2. The laboratory electrochemical apparatus according to claim 1, characterized in that: The positioning component includes a telescopic rod (9), one end of which is fixedly connected to one side of the inner wall of the shielding box (1), and the other end of which is fixedly connected to a push plate (10). A spring (11) is fixedly connected to one side of the push plate (10) located outside the telescopic rod (9).

3. The laboratory electrochemical apparatus according to claim 2, characterized in that: An anti-slip pad (12) is fixedly connected to the other side of the push plate (10), and the anti-slip pad (12) is made of silicone.

4. The laboratory electrochemical apparatus according to claim 1, characterized in that: The working electrode (13) is engaged inside the first retaining ring (7) on one side, and the counter electrode (14) is engaged inside the first retaining ring (7) on the other side.

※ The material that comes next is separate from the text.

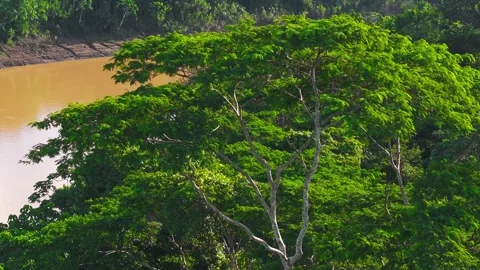 Close-Up of Green Amazon Tree Canopy Beside Muddy Tambopata River in Peru, Stock Footage 314321135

5. The laboratory electrochemical apparatus according to claim 1, characterized in that: A fixing frame (15) is fixedly connected to the lower surface of the mounting bracket (3). A second retaining ring (16) is hinged to one side of the fixing frame (15) via a second hinge. One side of the second retaining ring (16) is threadedly connected to the other side of the fixing frame (15) via a second bolt. A reference electrode (17) is engaged inside the second retaining ring (16).

6. The laboratory electrochemical apparatus according to claim 1, characterized in that: A protective door (18) is hinged to one side of the front surface of the shielding box (1) via a third hinge, and a glass (19) is fixedly connected inside the protective door (18).